This year, the Innovation in Governance Awards Committee is looking for any original approaches in public administration undertaken by a Garden State municipality during the past 16 months – from the beginning of June 2016 to September 30, 2017. Any innovation in any department or program will be considered for recognition.

This program was established to highlight exemplary local government activities that exhibit creative and practical approaches to local problems and concerns.
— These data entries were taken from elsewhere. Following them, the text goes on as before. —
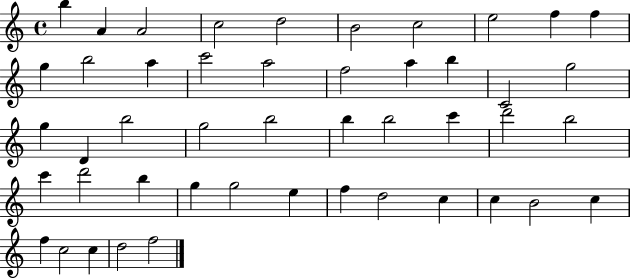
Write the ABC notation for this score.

X:1
T:Untitled
M:4/4
L:1/4
K:C
b A A2 c2 d2 B2 c2 e2 f f g b2 a c'2 a2 f2 a b C2 g2 g D b2 g2 b2 b b2 c' d'2 b2 c' d'2 b g g2 e f d2 c c B2 c f c2 c d2 f2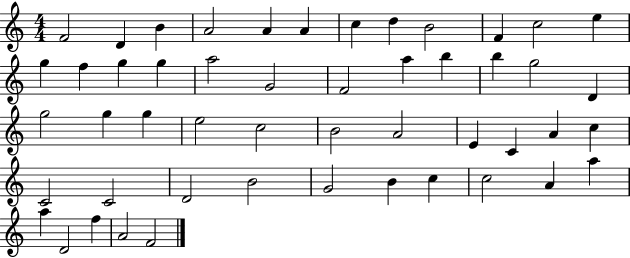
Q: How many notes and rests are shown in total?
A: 50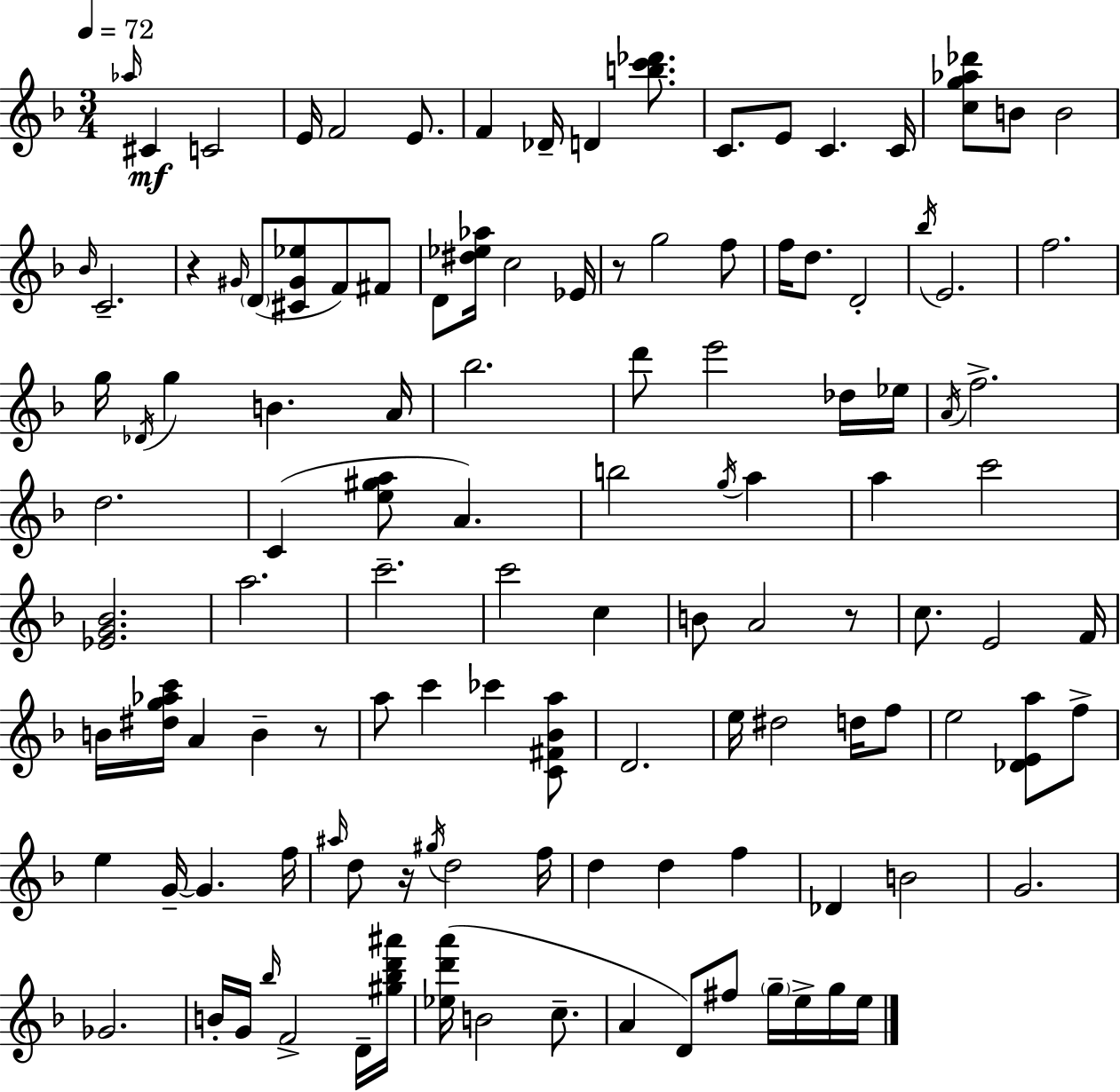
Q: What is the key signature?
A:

We will share the winning entries with municipal leaders at the 102nd Annual League of Municipalities Conference Mayors’ Luncheon on Wednesday, November 15, 2017 at the Sheraton in Atlantic City, and in the December issue of our magazine, New Jersey Municipalities.

The application can be accessed by clicking on either of the links below:
League of Municipalities website – 2017 Innovation Application
Department of Community Affairs website – Innovation Application and Letter

The nomination deadline for this program is October 2.  Accordingly, we encourage you to forward this information to the appropriate people in your municipality today, giving them ample time to meet our deadline.
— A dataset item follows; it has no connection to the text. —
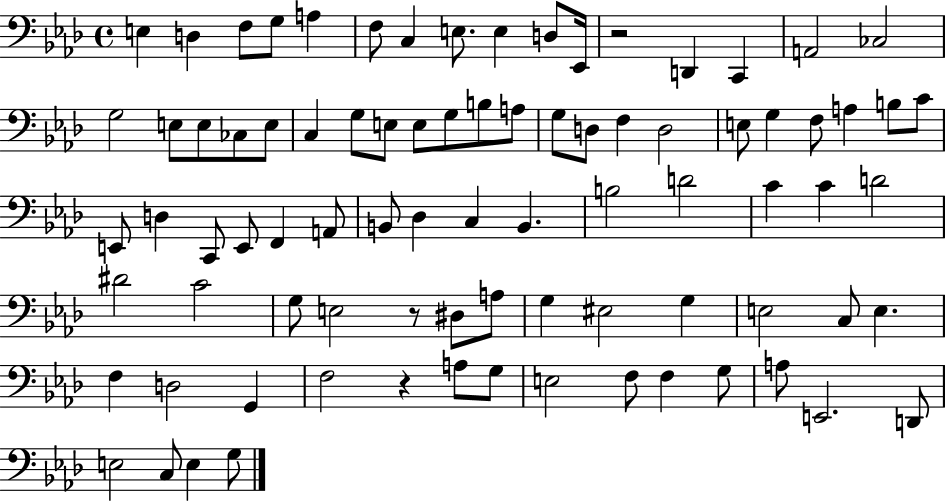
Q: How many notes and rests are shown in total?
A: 84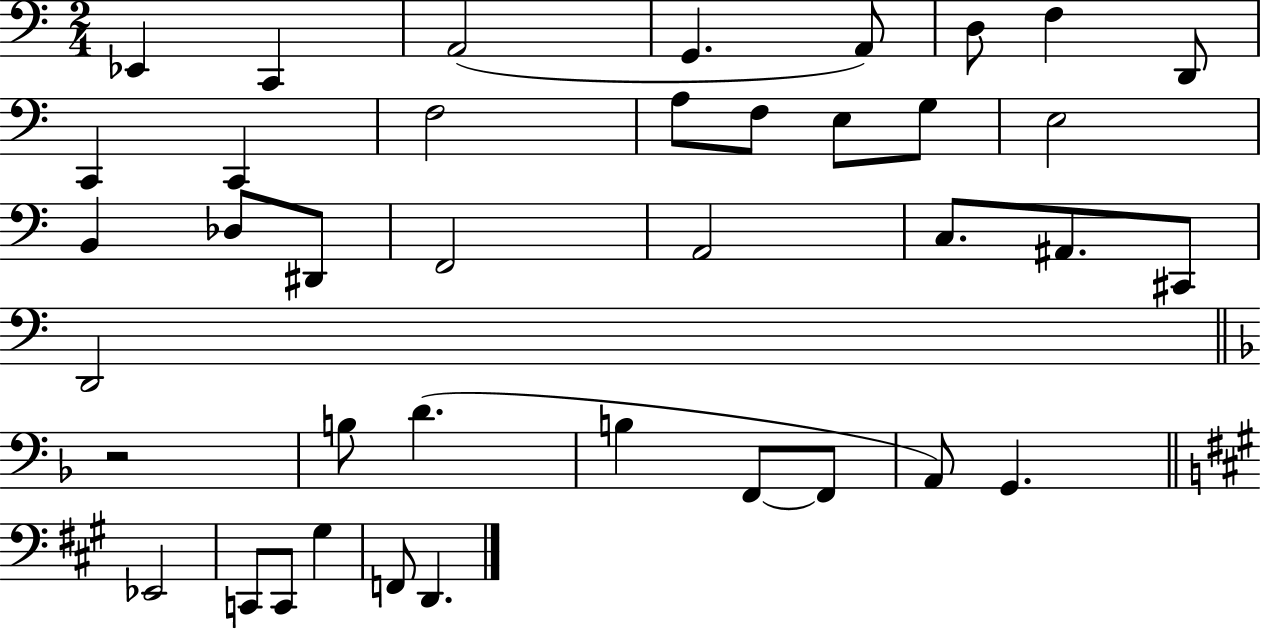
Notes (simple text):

Eb2/q C2/q A2/h G2/q. A2/e D3/e F3/q D2/e C2/q C2/q F3/h A3/e F3/e E3/e G3/e E3/h B2/q Db3/e D#2/e F2/h A2/h C3/e. A#2/e. C#2/e D2/h R/h B3/e D4/q. B3/q F2/e F2/e A2/e G2/q. Eb2/h C2/e C2/e G#3/q F2/e D2/q.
Contact: Ciara Bradley, Legislative Administrator, cbradley@njslom.org , 609-695-3481 x128.

b. Nominations Open for 2017 Great Places in New Jersey

Great Places in New Jersey, the flagship program of the New Jersey Chapter of the American Planning Association (APA-NJ), celebrates downtowns, streets, neighborhoods and public spaces of exemplary character, quality and planning. These places represent the gold standard in terms of having a true sense of place, cultural and historical interest, community involvement and a vision for tomorrow. They help their communities enjoy relative prosperity and a good quality of life.  Since 2012, APA-NJ has designated 26 Great Places throughout New Jersey.  Have one in mind?  Deadline for nominations is September 20th.  Learn more about the criteria for Great Places, past designees, and how you can nominate your place by visiting:  GreatPlacesNJ.com.  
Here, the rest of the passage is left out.